_Exercise brief_. Without the pictures, give the listing below again exactly.

_Data extract_.
== == ==

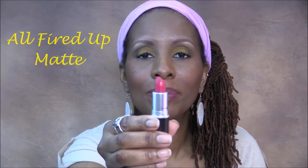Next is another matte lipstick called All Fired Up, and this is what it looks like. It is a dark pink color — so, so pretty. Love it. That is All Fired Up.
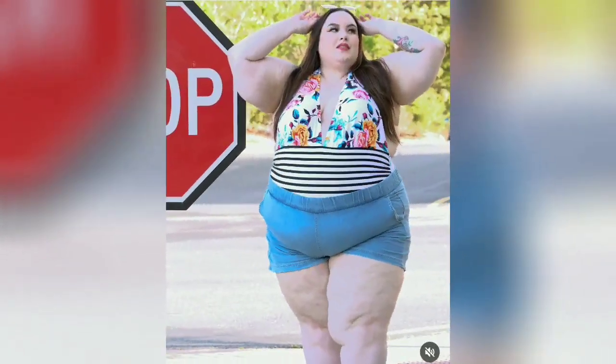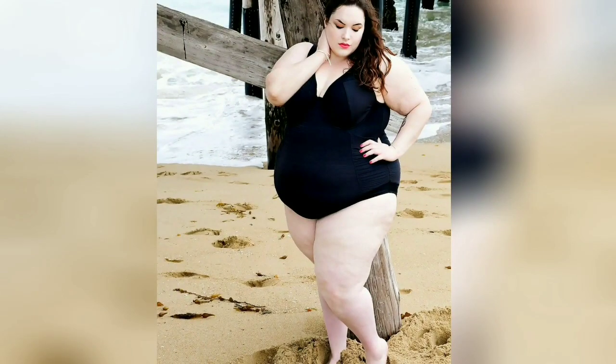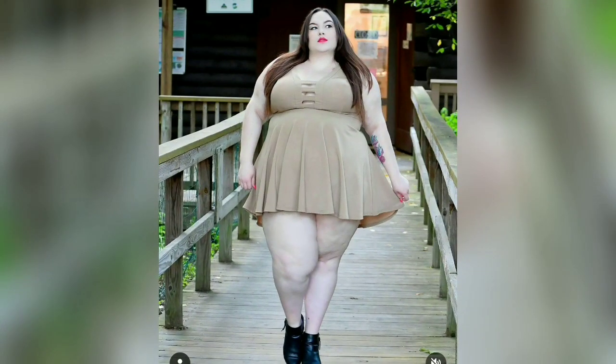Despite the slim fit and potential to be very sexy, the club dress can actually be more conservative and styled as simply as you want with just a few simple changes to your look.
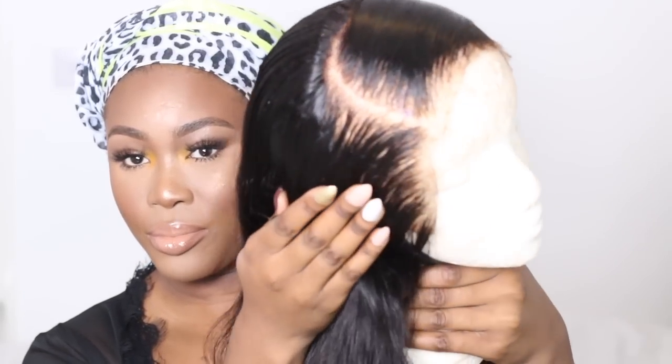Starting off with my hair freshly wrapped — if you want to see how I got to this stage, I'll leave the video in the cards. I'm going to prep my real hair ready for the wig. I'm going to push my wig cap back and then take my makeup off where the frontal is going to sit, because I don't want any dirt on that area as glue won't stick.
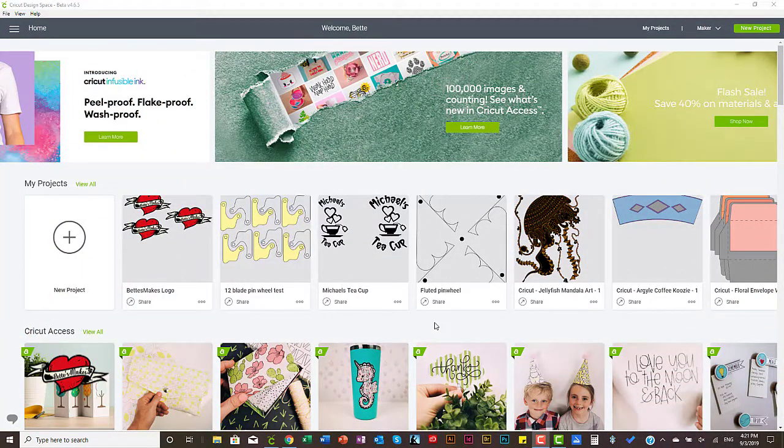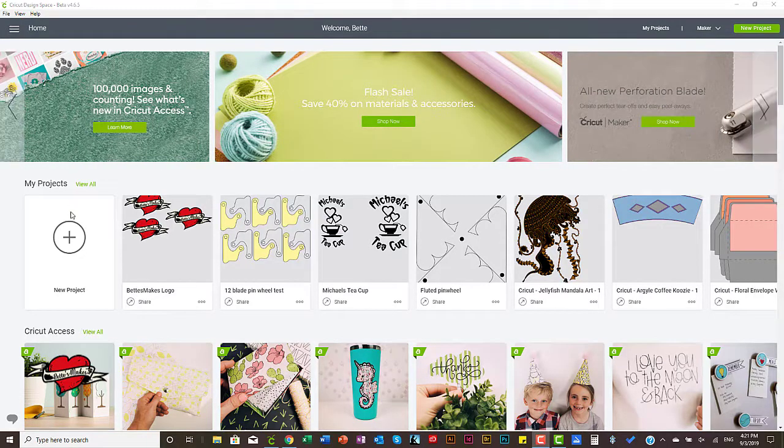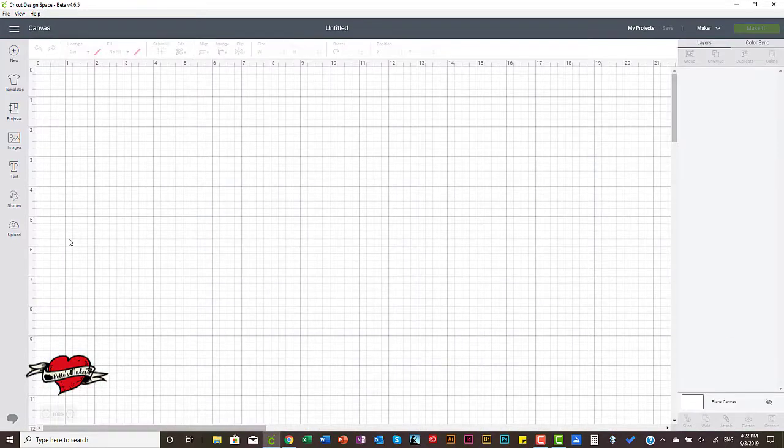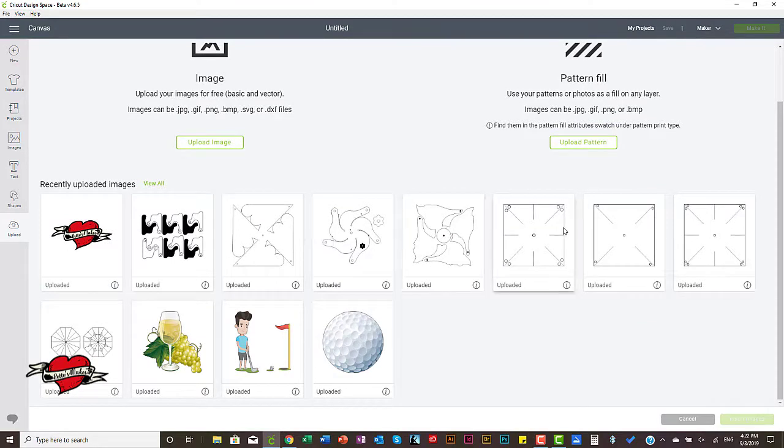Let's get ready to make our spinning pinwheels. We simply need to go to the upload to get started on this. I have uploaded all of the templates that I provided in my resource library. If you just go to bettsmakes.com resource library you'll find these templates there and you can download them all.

== == ==

_Answer to the problem_.
Next is another matte lipstick called All Fired Up, and this is what it looks like. It is a dark pink color — so, so pretty. Love it. That is All Fired Up.
Despite the slim fit and potential to be very sexy, the club dress can actually be more conservative and styled as simply as you want with just a few simple changes to your look.
Starting off with my hair freshly wrapped — if you want to see how I got to this stage, I'll leave the video in the cards. I'm going to prep my real hair ready for the wig. I'm going to push my wig cap back and then take my makeup off where the frontal is going to sit, because I don't want any dirt on that area as glue won't stick.
Let's get ready to make our spinning pinwheels. We simply need to go to the upload to get started on this. I have uploaded all of the templates that I provided in my resource library. If you just go to bettsmakes.com resource library you'll find these templates there and you can download them all.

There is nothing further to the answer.